- [WHAT NEEDS TO BE DONE]:
Return nothing but the lines from the one with "2932 Foraker Way - Photo Thumbnail 29" through the one with "Hotel Restaurant Les" in the data below, word for word and without pictures.

- [RECORDS SUPPLIED]:
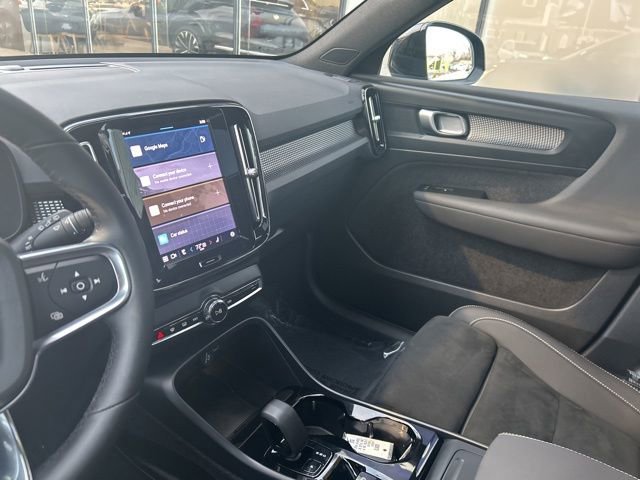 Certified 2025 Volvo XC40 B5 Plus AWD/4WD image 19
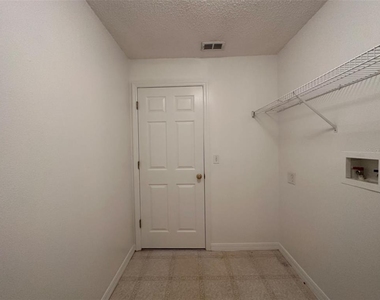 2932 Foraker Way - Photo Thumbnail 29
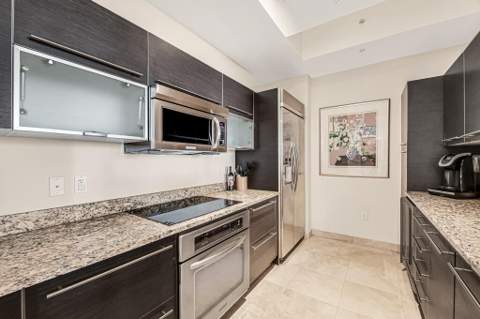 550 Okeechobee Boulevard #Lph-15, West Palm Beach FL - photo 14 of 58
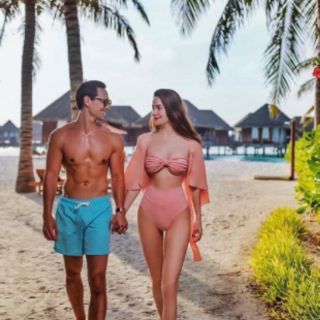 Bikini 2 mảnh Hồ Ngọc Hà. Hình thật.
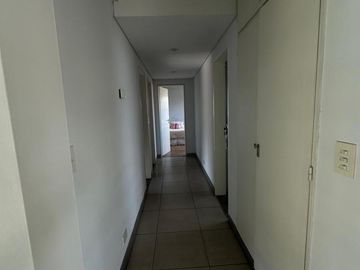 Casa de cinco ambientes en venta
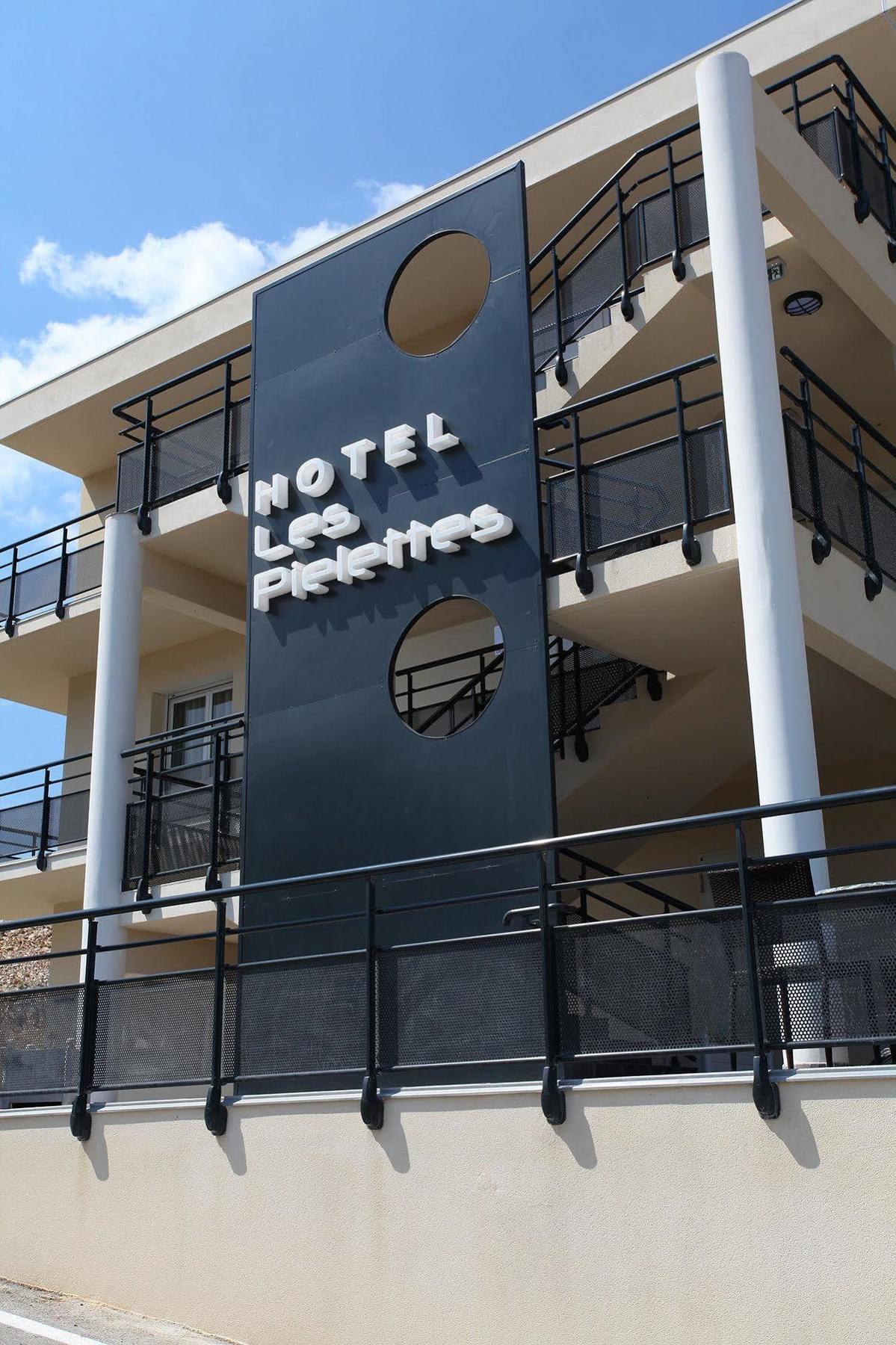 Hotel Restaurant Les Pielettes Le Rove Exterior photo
...
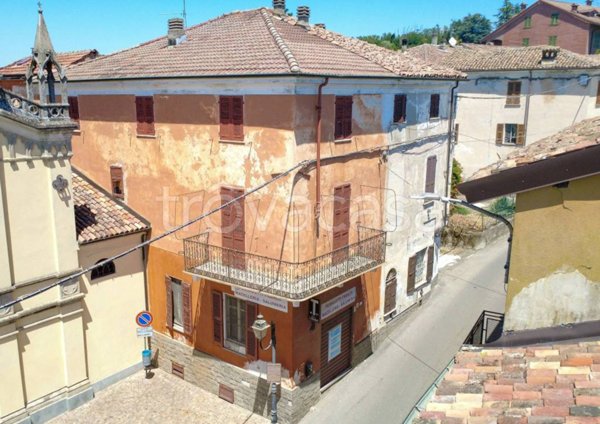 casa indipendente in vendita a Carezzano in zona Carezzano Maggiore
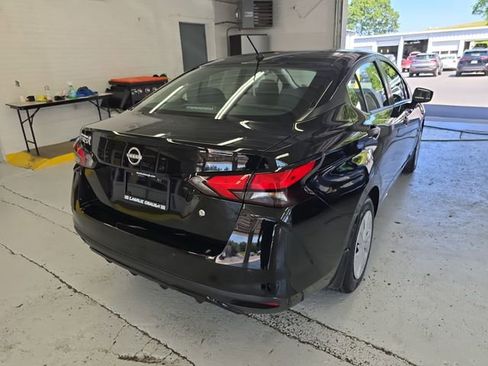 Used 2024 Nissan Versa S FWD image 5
* * *
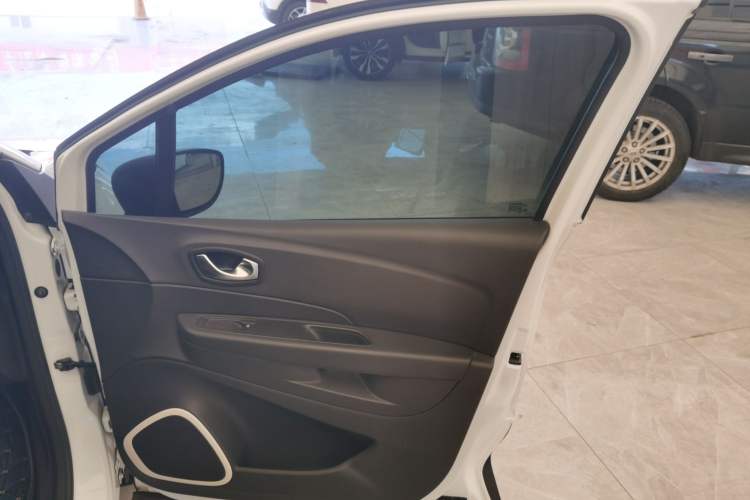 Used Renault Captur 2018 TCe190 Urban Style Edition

- [OUTPUT]:
 2932 Foraker Way - Photo Thumbnail 29
 550 Okeechobee Boulevard #Lph-15, West Palm Beach FL - photo 14 of 58
 Bikini 2 mảnh Hồ Ngọc Hà. Hình thật.
 Casa de cinco ambientes en venta
 Hotel Restaurant Les Pielettes Le Rove Exterior photo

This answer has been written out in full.